Before this journey, our family was blessed to witness the ground breaking for a chapel in Somersworth, fruits of seven years of labor.  Dad flew overseas.  Carma was already "out west" with Grandpa and Grandma Gee. Cindy Brown was baptized.  I remember several tender farewell church meetings, where I remember singing together "The Spirit of God" and "God Be With You 'til We Meet Again."  
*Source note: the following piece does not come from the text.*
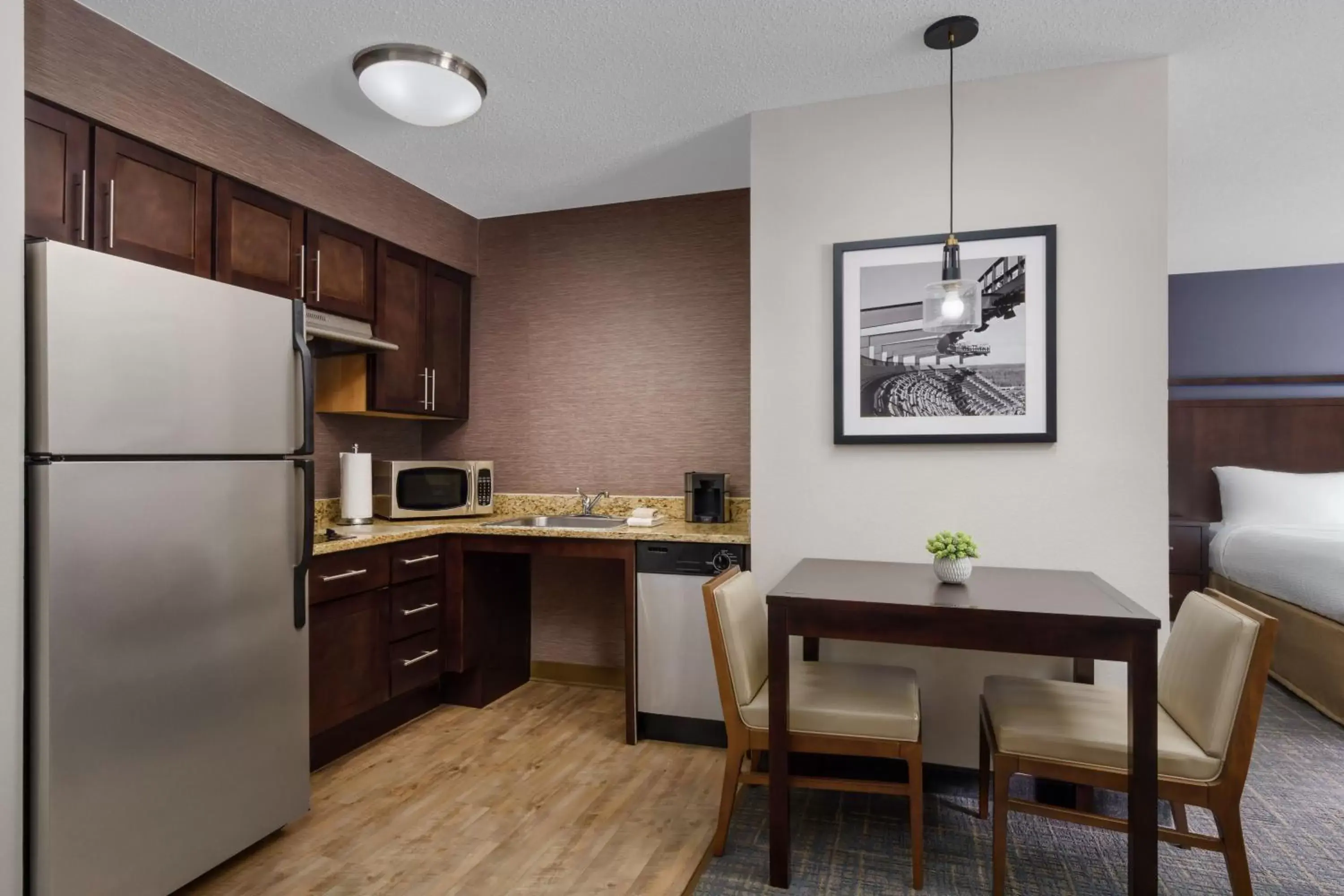 Kitchen or kitchenette, Kitchen/Kitchenette in Residence Inn Boston Foxborough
Because Dad was lonely in his new work in a far away country, he devoured his copy of the Book of Mormon in two weeks.  He wrote to his family in an aerogram letter, inviting us to join him and taste of the fruit of this tree by reading this volume during our cross country drive.  Mom had purchased a several volume set of The Chronicles of Narnia by C. S. Lewis.  Tantalized by these stories, we were encouraged that if we could read a complete book in the Book of Mormon, comprised of 15 books, we could read a book of the newly purchased Chronicles.  Thus, we began our journey to the west with an invitation and adventure in reading.  As I remember, it was David and I that were old enough to read.  

I also remember sitting in a little room in the farm house in Idaho where my mother grew up, visiting our maternal grandparents, and writing in a spiral bound journal feelings.  I considered the question of how a young man with a third grade education could have penned this Book of Mormon.  I knew it was far from likely.  With tears streaming down my face, I felt budding roots of a testimony that God has spoken again on the earth. 

It was during this visit with Grandpa Hillman, before which he had become bishop of a newly formed ward near Firth, Idaho, that my sister and I were invited to attend Young Women camp.  I was 11.  The required age to attend was 12; however, with Grandpa as bishop, and with Grandpa Hillman and Grandma Laverne attending, Carma and I were both invited to come.  

We arrived after an unfortunate incident of a few of the other men leaders being hospitalized due to a prank of some of the young women who put liquid dish soap in the cups as a prank.  There had been a feeling of division among the young women who had been in different wards and were now together, not knowing each other well.  I remember a water fight, watching the feverish competition of my Grandpa. I remember hiking and sliding, I want to say with gunny sacks, down a tall hill at the Church Camp at Darby in the Tetons, over the border into Wyoming.  

I remember a testimony meeting, sitting on rocks around a camp fire, feeling close to the young women, to my grandparents, and to Heavenly Father. Another thing I remember is that it rained and rained and rained.  We had prepared trenches around our tents in the soil.  But as the rain continued relentlessly, we were invited to sleep in the spacious area of a lodge located up a steep hill, on higher ground.  More than just safe and dry, we had begun to feel connected.  During this evening at the lodge, some adults knocked on the door in the dark.  I want to say it was a mother who had come looking for two of her daughters in the group.  She had difficult news.  The father of these sisters had just suffered a trucking accident and was pronounced dead.  

"Would you like to come home?"

"We want to stay!" was their answer.  The comradery nurtured over a week of water fights, hiking, cooking, and camping, circled them in a net of security.  The connection they felt was tangible, and enough of a comfort, they longed to linger.  

Like these sisters, I learned there that "home" could happen even in walls that are not familiar.  This would be a blessing as our family transitioned to a new house in a new place.